On a creative writing course once we talked about creating characters. The character is drawn with words and the most crucial one is their name. Would Heathcliffe have been so alluring, dangerous, exciting and beguiling if he were called Timothy Trotter? It's a perfectly reasonable name but can you imagine Cathy howling it in desperate passion all across the moors? Would Arthur, Doreen and Brenda in 'Saturday Night and Sunday Morning' have spoken of and to the working class of late 1950's/ early '60's Britain as powerfully as they did, had they been Tarquin, Jemima and Cecily?
There is a concept called 'The Looking-glass theory' that has been developed and studied for over a hundred years. To paraphrase, (and hopefully accurately represent and interpret, not being a psychologist), it addresses how our concept of ourselves is largely based on a perception of how we think people are judging us. This starts as soon as we begin to socialise and interact with others. Therefore, the child with the unusual first name, the name that possibly their Mum has cobbled together from the first two letters in the name of all four grandparents or the town in which they were conceived, becomes accustomed to expecting to have to spell the name or explain the name and becomes attuned to the quizzical look of the other person. They then perceive that a judgement is being made about them and therefore begin to feel about them-self in a certain way. Their identity begins to be constructed as a mirror of what they perceive is being felt about them.

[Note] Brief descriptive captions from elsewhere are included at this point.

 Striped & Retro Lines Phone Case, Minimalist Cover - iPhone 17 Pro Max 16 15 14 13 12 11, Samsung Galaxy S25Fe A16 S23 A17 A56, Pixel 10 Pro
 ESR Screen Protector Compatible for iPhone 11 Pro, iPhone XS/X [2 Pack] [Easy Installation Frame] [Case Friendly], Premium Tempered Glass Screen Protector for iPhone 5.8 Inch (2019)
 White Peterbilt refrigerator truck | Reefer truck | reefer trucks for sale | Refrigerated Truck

This can alter, depending on who is assumed to be reflecting what back. This could explain a part of why we can behave differently and can appear more or less self-assured with certain people and in wide-ranging settings. If you have a name that appears to place you in a certain demographic, or that comes with certain associations, you may perceive that you are being judged in a certain way and make certain assumptions and construct a self-concept in response.

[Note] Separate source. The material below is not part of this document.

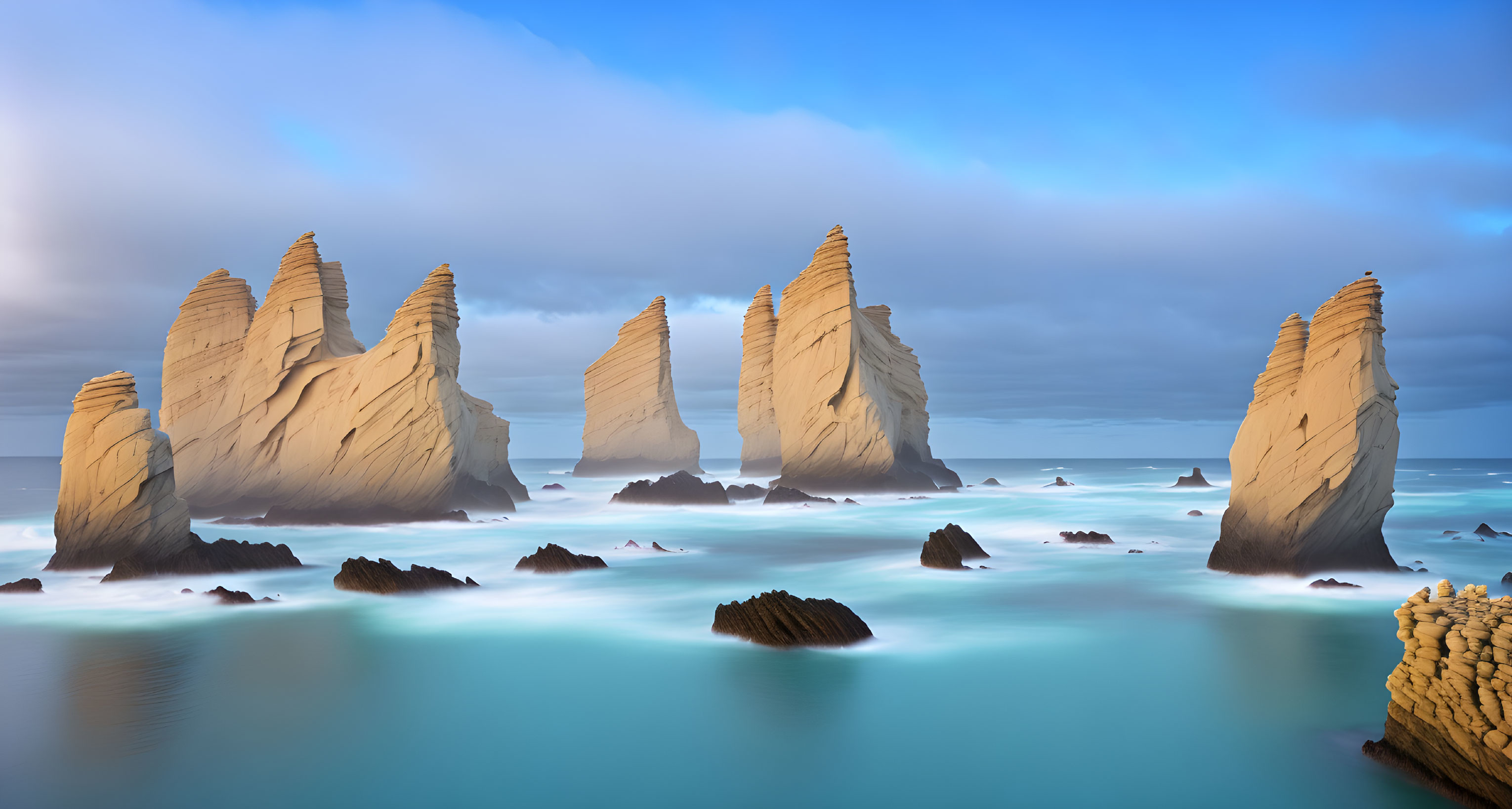 Limestone Stacks in Blue Sea with Pastel Sky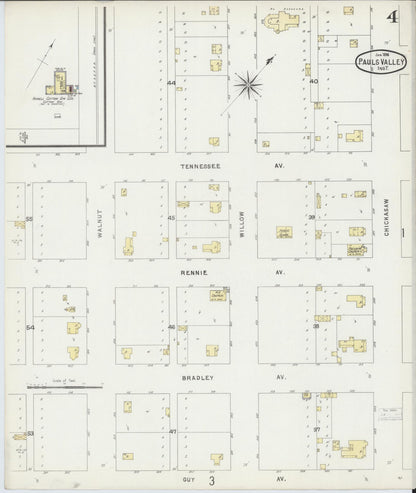 Sanborn Fire Insurance Map from Pauls Valley, Garvin County, Oklahoma (1896), Sheet #0004 - Complete Map Set gallery image, historic Sanborn map, vintage wall art, Oklahoma Oklahoma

With this in mind, my thoughts returned to why I am so welded to being called my full name? Alison has never been a name I have been forced to explain, other than to the occasional person who tries to spell it with a 'y' or maybe two 'll's'. It isn't a name I would call my child. I neither like it nor dislike it. As a word, as a collection of six letters I have no strong feelings about it but as my name, I do.

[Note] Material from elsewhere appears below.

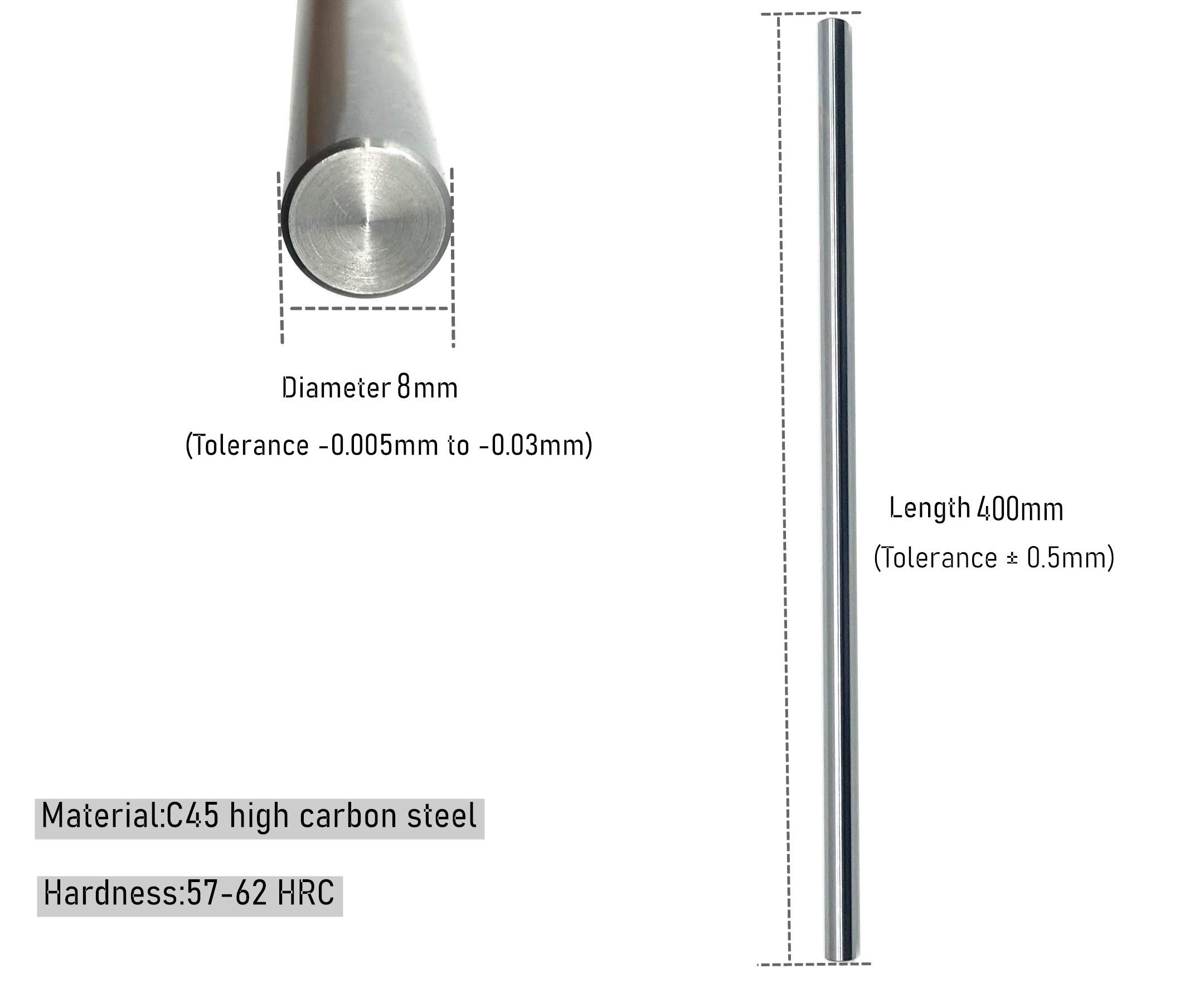 Linear Motion Rods 2PCS 8mmx 400mm (0.315 x 15.748 inches) Case Hardened Chrome Plated Linear Motion Rod Shaft Guide for 3D Printer, DIY, CNC - Metric h8 Tolerance — Amazon image 5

Why then am I perfectly happy for my Dad to call me something that would irritate me from most other people? Why do I like it that my Dad calls me something that no one else does?
Let's take the power of words and I do, very seriously. I am a great proponent of the pen being mightier than the sword. A knife isn't needed to cut or kill, words can do that. A bomb isn't needed to effect change, words can do that too. How did Martin Luther King Jr. inspire, how did Winston Churchill keep the country's resolve going? It was through powerful, emotive, passionate and above all sincere words.
Perhaps the reason I don't mind is not so much the actual word, more it is the meaning behind it. So maybe in calling me the abbreviated 'Ali', I recognise that in half as many letters as comprise my actual, proper, self-constructed and identifiable 'me' name, is affection and fondness and pride and love and therefore the actual name ceases to matter. Maybe Shakespeare has a point and it is a point that extends from roses to people. Maybe the crucial thing we all need from our first social interaction to our last is love, respect and affection. If these are reflected back at us then maybe they will make us all self-construct the very best being we can be and a person by any other name really will be the same and no less special as a result.